What to produce:
Each entry should be returned exactly as written, with no pictures carried over.

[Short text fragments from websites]
_ _ _ _
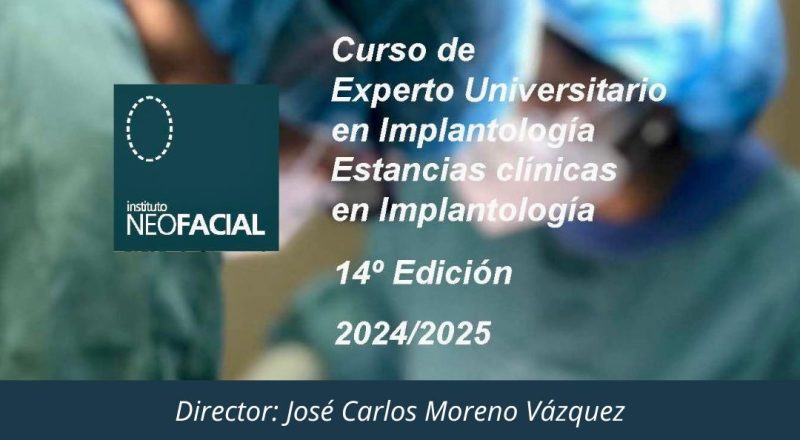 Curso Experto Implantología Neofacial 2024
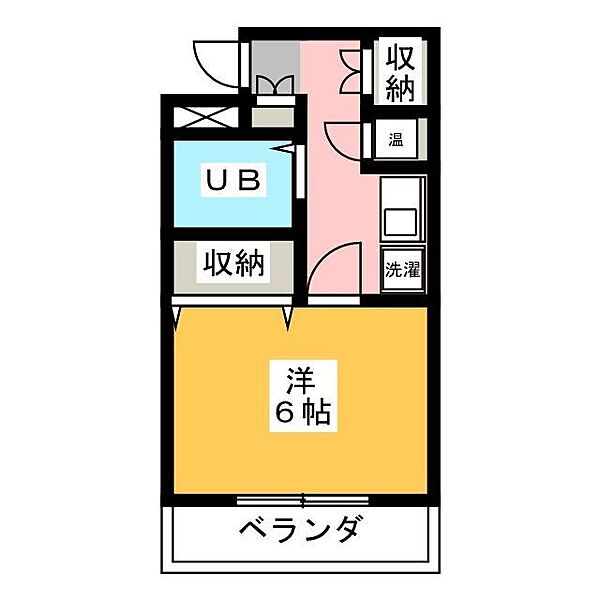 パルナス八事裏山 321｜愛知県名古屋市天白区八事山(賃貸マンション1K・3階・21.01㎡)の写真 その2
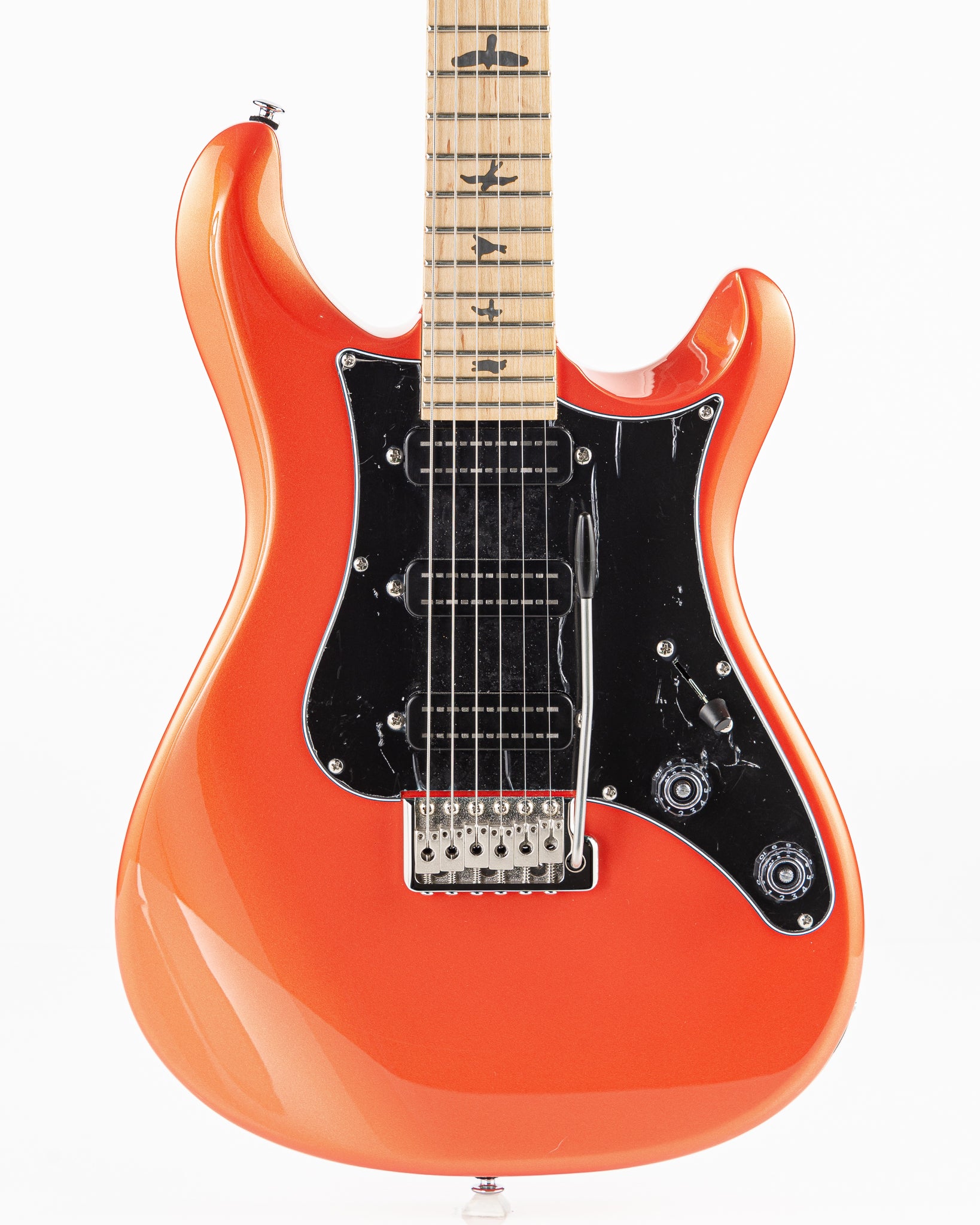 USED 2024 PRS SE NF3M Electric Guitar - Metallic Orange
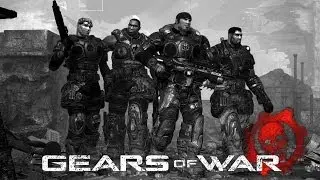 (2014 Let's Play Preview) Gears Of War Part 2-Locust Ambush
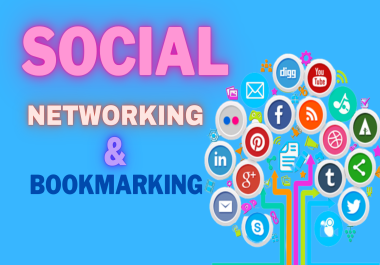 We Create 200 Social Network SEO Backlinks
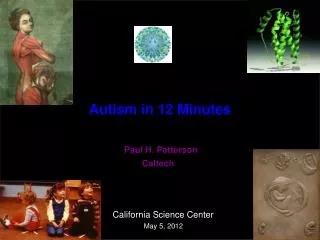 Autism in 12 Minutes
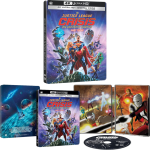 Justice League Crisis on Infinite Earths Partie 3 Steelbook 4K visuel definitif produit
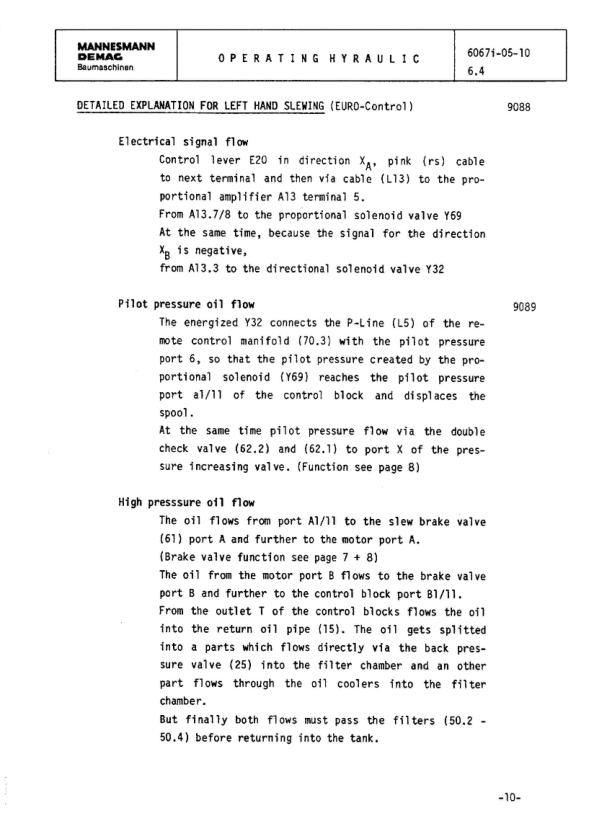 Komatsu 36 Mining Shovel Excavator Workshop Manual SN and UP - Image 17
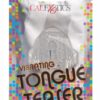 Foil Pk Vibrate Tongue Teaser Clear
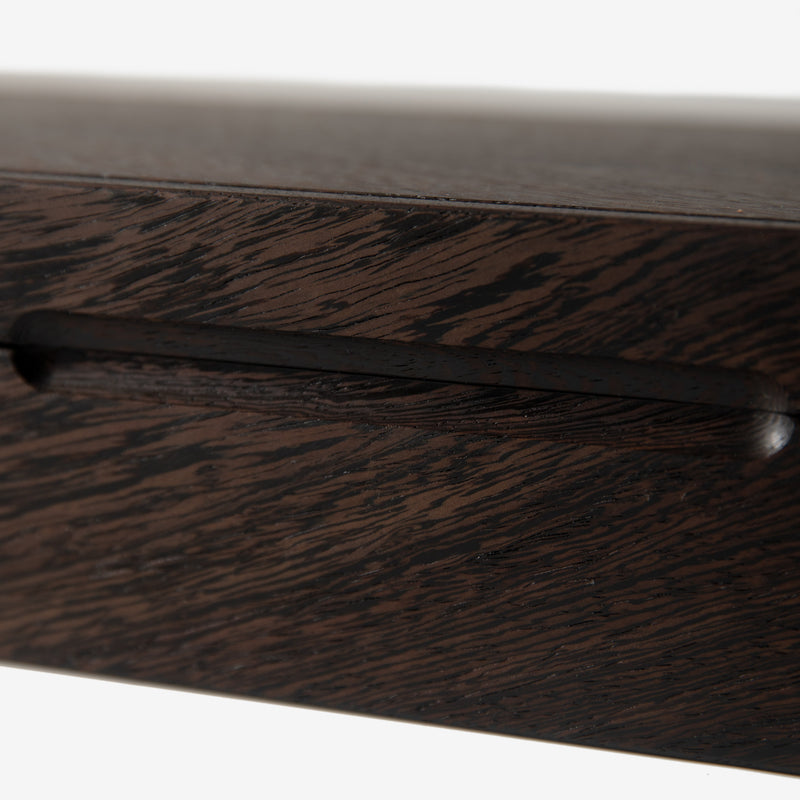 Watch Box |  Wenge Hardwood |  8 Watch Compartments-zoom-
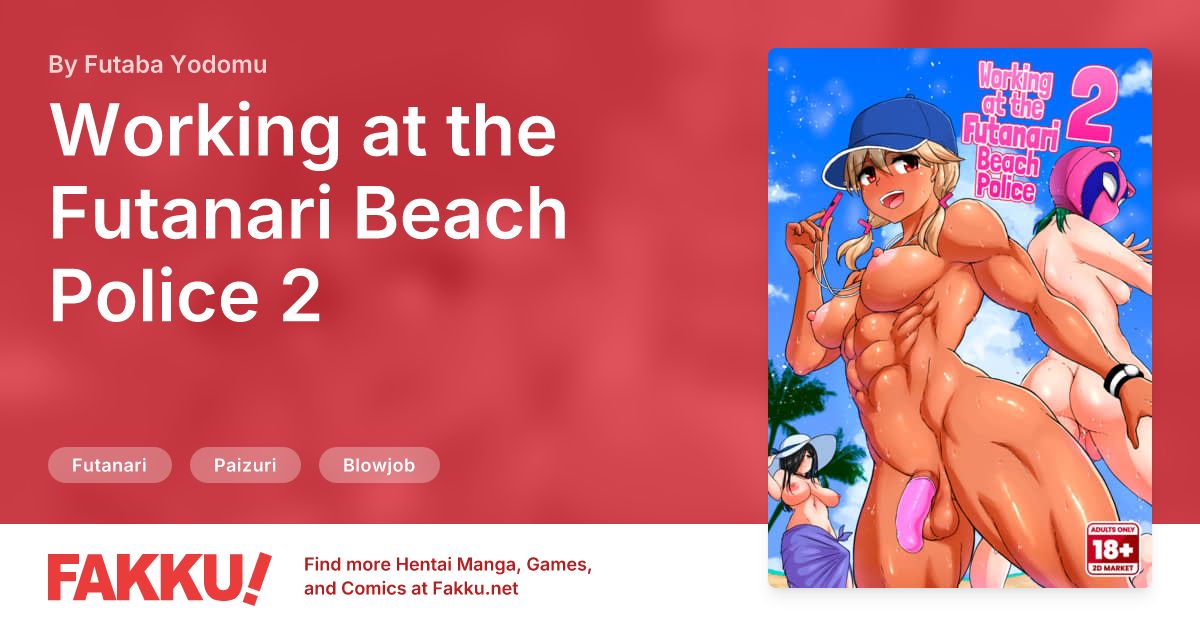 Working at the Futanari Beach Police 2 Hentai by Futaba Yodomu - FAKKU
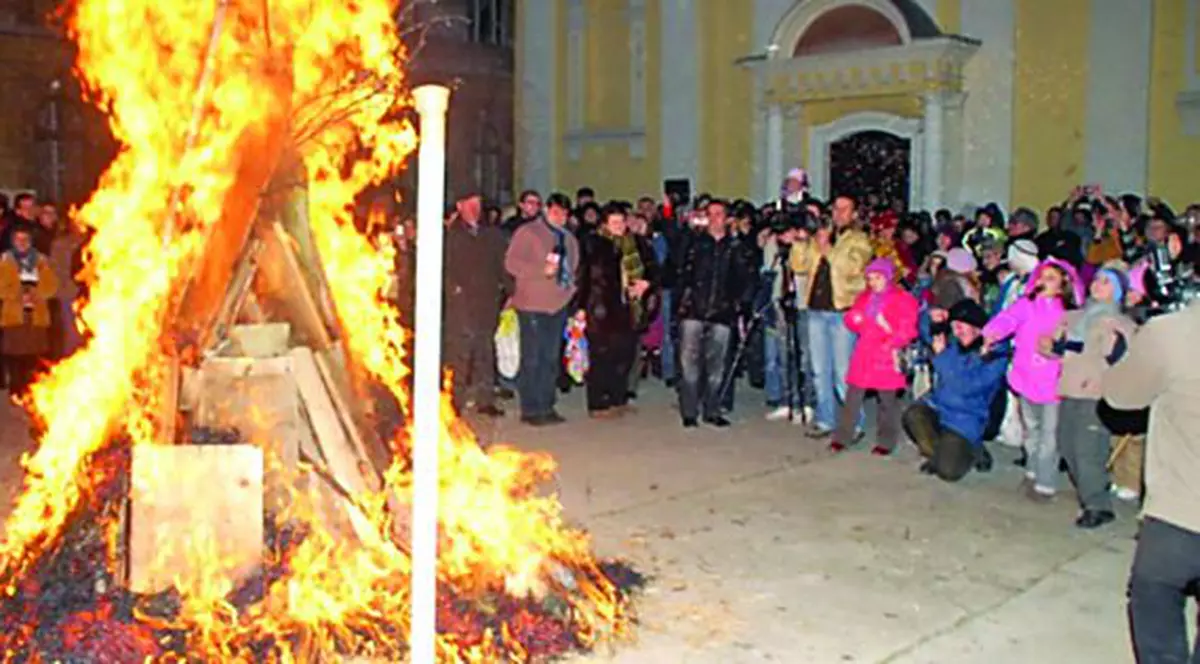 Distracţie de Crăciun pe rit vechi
_ _ _ _
Finished exercise:
 Curso Experto Implantología Neofacial 2024
 パルナス八事裏山 321｜愛知県名古屋市天白区八事山(賃貸マンション1K・3階・21.01㎡)の写真 その2
 USED 2024 PRS SE NF3M Electric Guitar - Metallic Orange
 (2014 Let's Play Preview) Gears Of War Part 2-Locust Ambush
 We Create 200 Social Network SEO Backlinks
 Autism in 12 Minutes
 Justice League Crisis on Infinite Earths Partie 3 Steelbook 4K visuel definitif produit
 Komatsu 36 Mining Shovel Excavator Workshop Manual SN and UP - Image 17
 Foil Pk Vibrate Tongue Teaser Clear
 Watch Box |  Wenge Hardwood |  8 Watch Compartments-zoom-
 Working at the Futanari Beach Police 2 Hentai by Futaba Yodomu - FAKKU
 Distracţie de Crăciun pe rit vechi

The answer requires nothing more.